Tego nie sposób było nie zauważyć. Najpierw opóźniał się przylot bocianów, a teraz okazuje się, że nie wszystkie dotarły do nas z Afryki. Stało się z nimi coś dziwnego, choć nie bardzo wiadomo co. Do mojej wsi bociany przyleciały spóźnione o jakieś 2-3 tygodnie.

Gdy zaniepokojony zasięgnąłem informacji na ptasich i przyrodniczych grupach dyskusyjnych, okazało się, że nie dotyczy to tylko Puszczy Białowieskiej, ale całego kraju.

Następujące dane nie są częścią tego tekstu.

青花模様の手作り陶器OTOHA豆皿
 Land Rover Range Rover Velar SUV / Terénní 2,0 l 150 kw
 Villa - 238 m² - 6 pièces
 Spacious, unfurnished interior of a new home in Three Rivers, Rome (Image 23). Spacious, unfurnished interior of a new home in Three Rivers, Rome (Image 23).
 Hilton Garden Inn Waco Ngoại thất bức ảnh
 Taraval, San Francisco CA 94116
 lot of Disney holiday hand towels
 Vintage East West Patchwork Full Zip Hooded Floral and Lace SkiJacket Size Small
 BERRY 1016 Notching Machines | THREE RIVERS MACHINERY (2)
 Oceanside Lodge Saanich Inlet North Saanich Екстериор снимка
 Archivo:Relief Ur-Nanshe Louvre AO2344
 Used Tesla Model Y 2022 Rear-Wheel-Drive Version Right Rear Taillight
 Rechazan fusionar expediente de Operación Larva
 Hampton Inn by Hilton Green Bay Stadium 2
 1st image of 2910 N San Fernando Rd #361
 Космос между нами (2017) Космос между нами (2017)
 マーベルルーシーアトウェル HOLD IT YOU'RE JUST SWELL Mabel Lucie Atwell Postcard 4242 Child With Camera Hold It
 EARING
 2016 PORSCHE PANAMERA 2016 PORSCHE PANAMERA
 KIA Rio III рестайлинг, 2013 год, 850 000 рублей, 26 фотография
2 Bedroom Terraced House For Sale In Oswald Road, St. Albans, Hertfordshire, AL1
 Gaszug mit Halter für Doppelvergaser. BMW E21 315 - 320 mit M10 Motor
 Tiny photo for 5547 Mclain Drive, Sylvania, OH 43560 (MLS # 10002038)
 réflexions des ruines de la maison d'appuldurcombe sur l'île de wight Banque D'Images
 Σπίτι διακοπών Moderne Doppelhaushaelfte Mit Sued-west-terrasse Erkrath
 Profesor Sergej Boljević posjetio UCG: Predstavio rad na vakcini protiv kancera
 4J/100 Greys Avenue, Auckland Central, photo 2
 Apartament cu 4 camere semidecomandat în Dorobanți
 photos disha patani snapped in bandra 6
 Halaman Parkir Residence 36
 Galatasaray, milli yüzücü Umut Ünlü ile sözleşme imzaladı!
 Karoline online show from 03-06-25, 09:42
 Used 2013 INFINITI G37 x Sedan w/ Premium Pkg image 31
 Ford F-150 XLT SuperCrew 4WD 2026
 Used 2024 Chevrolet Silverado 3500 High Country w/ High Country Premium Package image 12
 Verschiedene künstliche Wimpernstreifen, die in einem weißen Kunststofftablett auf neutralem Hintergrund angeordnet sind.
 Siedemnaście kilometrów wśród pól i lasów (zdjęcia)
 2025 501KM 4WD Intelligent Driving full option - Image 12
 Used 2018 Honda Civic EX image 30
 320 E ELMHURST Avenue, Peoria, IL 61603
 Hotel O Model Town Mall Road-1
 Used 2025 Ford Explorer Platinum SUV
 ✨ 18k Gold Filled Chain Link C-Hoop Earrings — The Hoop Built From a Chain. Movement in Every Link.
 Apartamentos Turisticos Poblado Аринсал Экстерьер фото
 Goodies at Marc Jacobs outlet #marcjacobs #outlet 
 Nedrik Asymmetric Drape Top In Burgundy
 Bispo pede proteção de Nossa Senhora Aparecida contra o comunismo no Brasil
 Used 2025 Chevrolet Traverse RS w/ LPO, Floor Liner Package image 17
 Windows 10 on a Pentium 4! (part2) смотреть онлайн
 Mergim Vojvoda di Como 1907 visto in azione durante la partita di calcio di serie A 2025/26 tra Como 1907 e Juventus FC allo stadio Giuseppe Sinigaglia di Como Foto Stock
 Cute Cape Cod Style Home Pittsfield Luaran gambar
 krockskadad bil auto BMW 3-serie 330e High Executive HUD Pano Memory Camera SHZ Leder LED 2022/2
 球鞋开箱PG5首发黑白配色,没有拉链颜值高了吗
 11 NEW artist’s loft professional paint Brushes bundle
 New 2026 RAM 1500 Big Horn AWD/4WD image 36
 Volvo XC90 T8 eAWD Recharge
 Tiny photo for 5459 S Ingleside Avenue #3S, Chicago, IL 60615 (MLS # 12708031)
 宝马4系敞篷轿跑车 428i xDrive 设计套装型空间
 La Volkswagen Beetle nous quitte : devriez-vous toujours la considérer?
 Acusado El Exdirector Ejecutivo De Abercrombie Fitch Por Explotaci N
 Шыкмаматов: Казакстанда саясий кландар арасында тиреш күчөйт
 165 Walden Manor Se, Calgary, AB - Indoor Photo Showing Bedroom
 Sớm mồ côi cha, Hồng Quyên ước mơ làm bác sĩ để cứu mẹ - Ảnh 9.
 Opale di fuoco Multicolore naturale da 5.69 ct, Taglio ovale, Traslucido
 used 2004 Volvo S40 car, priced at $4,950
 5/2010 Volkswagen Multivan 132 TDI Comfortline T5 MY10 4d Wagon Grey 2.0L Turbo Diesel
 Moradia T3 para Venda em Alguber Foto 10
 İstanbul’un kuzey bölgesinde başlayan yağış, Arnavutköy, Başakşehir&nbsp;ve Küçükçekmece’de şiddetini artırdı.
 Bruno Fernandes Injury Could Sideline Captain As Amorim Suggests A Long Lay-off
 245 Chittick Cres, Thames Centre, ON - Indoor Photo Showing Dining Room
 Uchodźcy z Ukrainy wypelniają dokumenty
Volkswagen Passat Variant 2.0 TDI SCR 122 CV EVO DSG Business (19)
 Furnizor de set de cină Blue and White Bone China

Zamiast w połowie kwietnia, boćki przylatywały w pierwszej połowie maja. Było ich też mniej niż zwykle. W niektórych rejonach Polski zajęta jest tylko jedna trzecia bocianich gniazd. - Tak złego roku nie było od 25 lat - mówił mi zajmujący się tymi ptakami, dr. Piotr Tryjanowski z Uniwersytetu Adam Mickiewicza w Poznaniu. Co się dzieje? Być może na trasie przelotów doszło do jakiegoś załamania pogody tak jak w 1997 r., kiedy bardzo wiele boćków utknęło nad Bosforem. Ale kłopot w tym, że tym razem nie było żadnych doniesień o takich anomaliach pogodowych. Druga hipoteza mówi o naturalnej fluktuacji liczebności tych ptaków. Z kolei trzecie wyjaśnienie jest związane z szarańczą. I tu mamy aż dwie możliwości. Jedna bardziej optymistyczna, druga mniej. - W zeszłym roku szarańcza masowo pojawiała się w Afryce. Dysponując tak dużą ilości pokarmu, część ptaków, szczególnie tych, które właśnie dorastają, mogła zdecydować się pozostać na zimowiskach i odłożyć zakładanie rodziny na przyszły rok - podejrzewa dr Tryjanowski. Możliwe jednak, że bociany stały się ofiarą walki z szarańczą - zostały zatrute. I to byłaby ta dużo gorsza wieść. Na szczęście z Afryki nie było doniesień o padających ptakach, a trudno byłoby takie wypadki przeoczyć, bo bociany na zimowiskach trzymają się w stadach. Tak czy inaczej ten rok będzie bardzo zły dla bocianów. Już dawno zauważono, że im później przylatują, tym mniej jest młodych w gniazdach. I to się teraz potwierdza. Z całej Polski mnożą się doniesienia o wyrzucaniu przez ptaki już zniesionych jaj z gniazd. A szkoda, bo ten rok obfituje w norniki na polach i bociany miałyby pod dostatkiem pokarmu. Widać jednak same ptaki mają świadomość, że nawet przy dużej obfitości pokarmu nie będą miały czasu na wychowanie młodych. W zeszłym roku w Polsce naliczono ok. 50 tysięcy par bocianów, co dało nam pierwsze miejsce w Europie. Gdyby boćki liczono obecnie, to zapewne wcale nie wyglądalibyśmy na bocianią potęgę. Na szczęście takie powszechne spisy bocianów odbywają się co dziesięć lat.